Deciding How Much to Increase Rent
It’s important not to raise the rent too much. If you have a good tenant in place who is paying rent on time and taking good care of your property, a dramatic rental increase might cause them to begin looking for another place to live that’s more affordable.
The legal rent increase guideline is 2.2 percent for the year 2020. When you decide to increase your rent between January and December of 2020, you must stay within that limit unless you’re willing to defend a higher increase in front of the Landlord and Tenant Board. In 2019, the limit is 1.8 percent, so any rental increases before the end of the year will need to meet that maximum.
The limit on how much rent can be increased only applies to those properties covered by the Rental Tenancies Act. That doesn’t include commercial properties or even vacant units. So, if you don’t have a tenant in place and you’re looking for a new resident, you can establish any rental amount you want, even if it’s more than 2.2 percent of the rent you were previously charging.

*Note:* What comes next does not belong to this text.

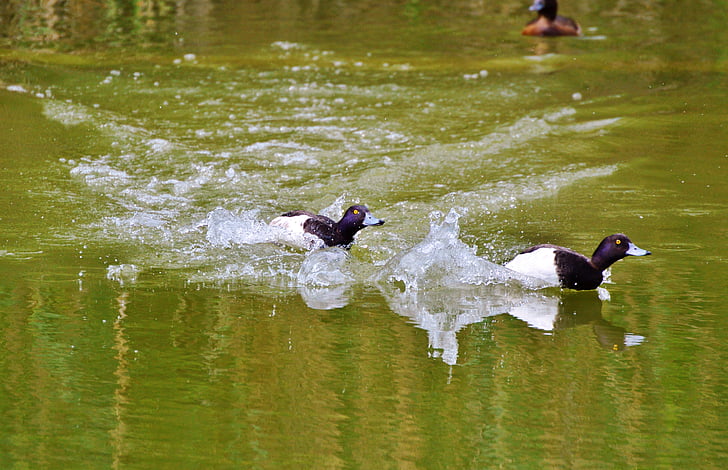 duck, water bird, row pension, duck bird, pond, bird, water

When to Increase Your Rent
The law allows you to raise the rent 12 months after your last rental increase. You cannot raise your rent every three months, for example. You have to wait for the end of that year before you can raise it on tenants you have in place. When a new tenant first moves in, you can also raise the rent to whatever level you believe is competitive and meets the market demands.
Providing Written Notice of Rental Increases
Landlords are required to provide notice to their tenants before increasing the rent. A period of 90 days is the legal standard, and your lease agreement should reflect that. So, if you know that you’re going to raise the rent on the tenants currently living in your property on the first day of February in 2020, you’ll want to send that written notice to your residents by the third of November in 2019.
Accurately pricing your rental property has a distinct impact on how quickly you rent it, whether you retain good tenants, and how much money you earn. It’s an important consideration, whether you’re renting out one property or dozens of units in a building. Make sure you’re increasing your rent within the legal requirements, and always remember that tenant retention is often more profitable than a few extra dollars every month.